I'll share some of my own examples from past jobs.

Company A:

  • Node, React, Ruby, Rails, AWS stack. There was a frontend app and many smaller microservices, all deployed on AWS.

  • The written documentation usually lived in the project repos, and covered the basics - how to run, test and deploy the code, plus a brief summary of the function of the service in the overall architecture. Also, a list of required environment variables and their uses. Occasionally, if there was something worth drawing developers' attention to, such as where some important logic was handled, this might be included. There was little info that would easily go out-of-date so in general the READMEs were up-to-date and were included in code review, i.e. we'd get reminded to update the README if necessary.

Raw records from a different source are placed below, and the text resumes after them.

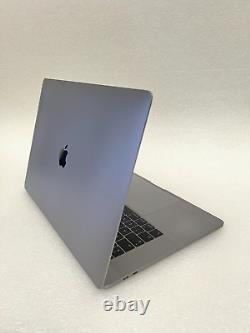 Ordinateur portable Apple MacBook Pro 15 Retina 2017 Core i7 2.9GHz 16Go 512Go SSD TOUCH BAR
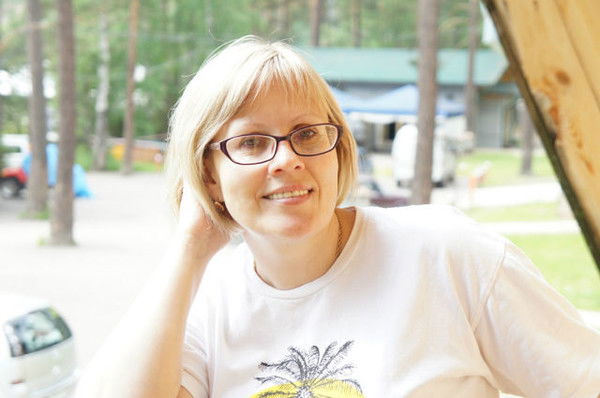 Светлана Царькова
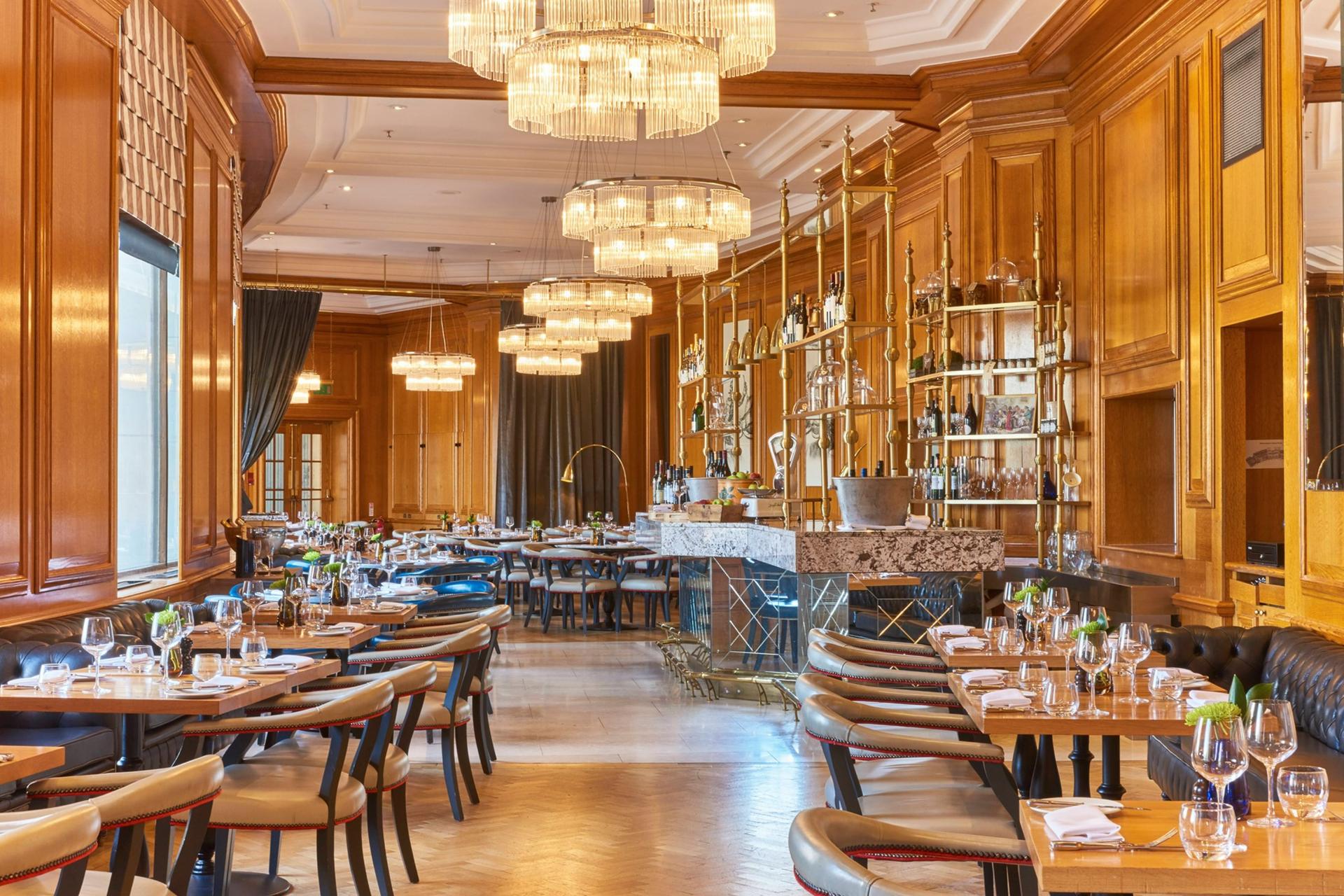 Full Buyout of Gillray's Steakhouse & Bar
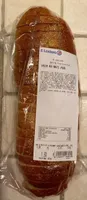 Pain au maïs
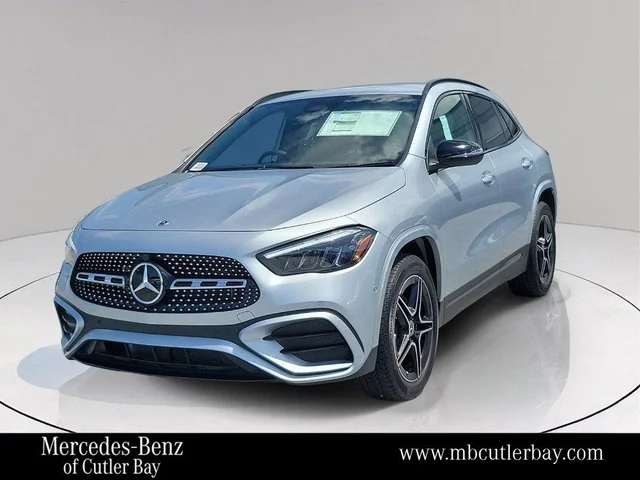 2026 Mercedes-Benz GLA GLA 250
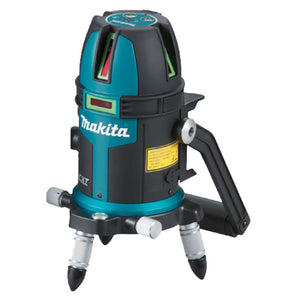 Makita Rechargeable Green Multi Line Laser 12V SK312GDZ 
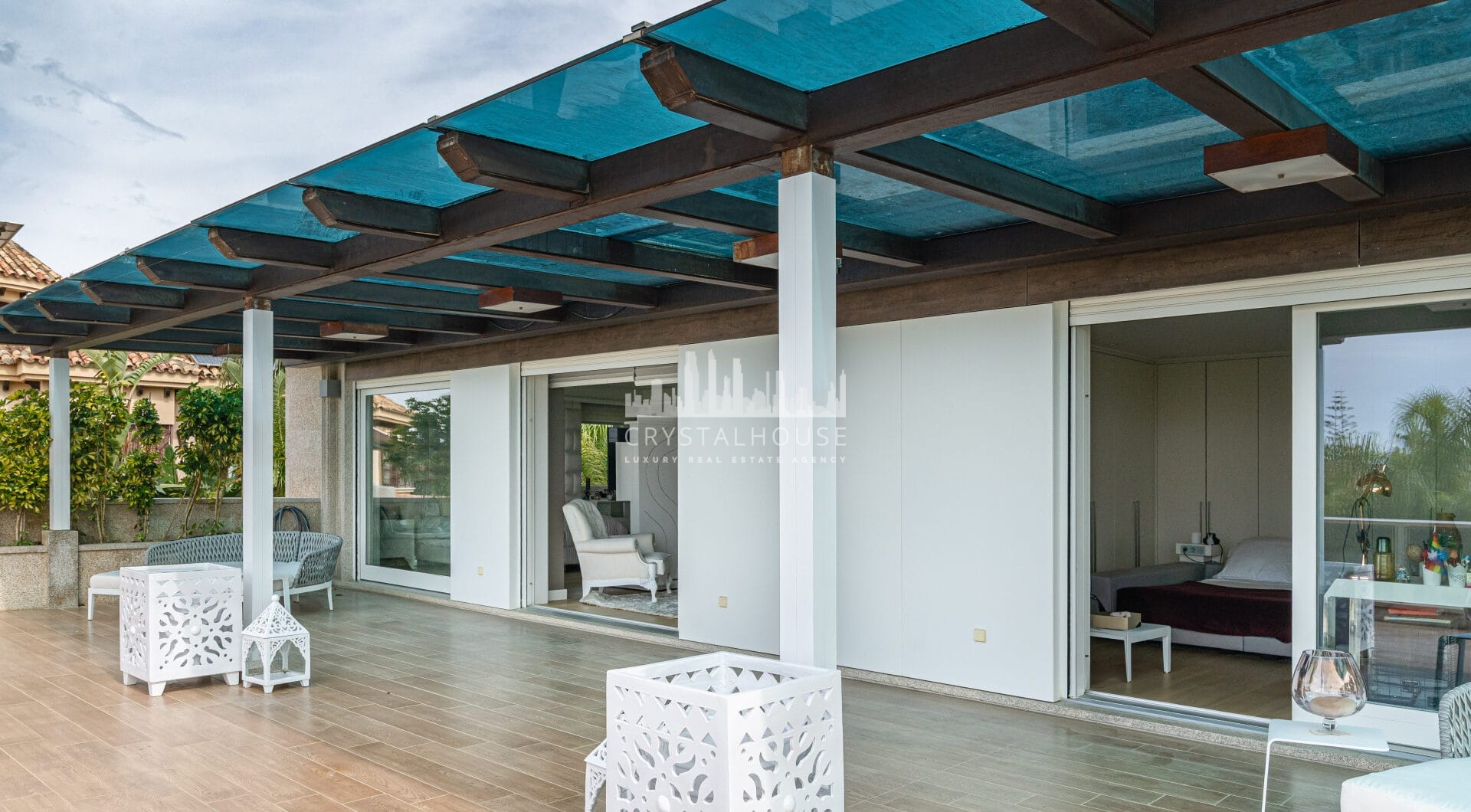Luxury Villa in Bahía de Marbella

  • I also received onboarding documentation around how to set up my machine, which was less up-to-date. Some of the tools I installed we never used, and the workflow doc turned out to not really represent how we worked (it portrayed an idealised way of working, what was not how we practiced in reality. Not that our way of working was worse, it was adapted for our team, but just saying that the workflow doc left me confused initially as I attempted to follow it, to no avail.)

  • The documentation was useful, often it included details that I referred to not only during onboarding but whenever I worked with the project. What I perhaps could have used was something written explaining terms and jargons used in the problem domain, also the app itself had no documentation at the time so I didn't understand how many of its features were supposed to work (as they were only partially developed).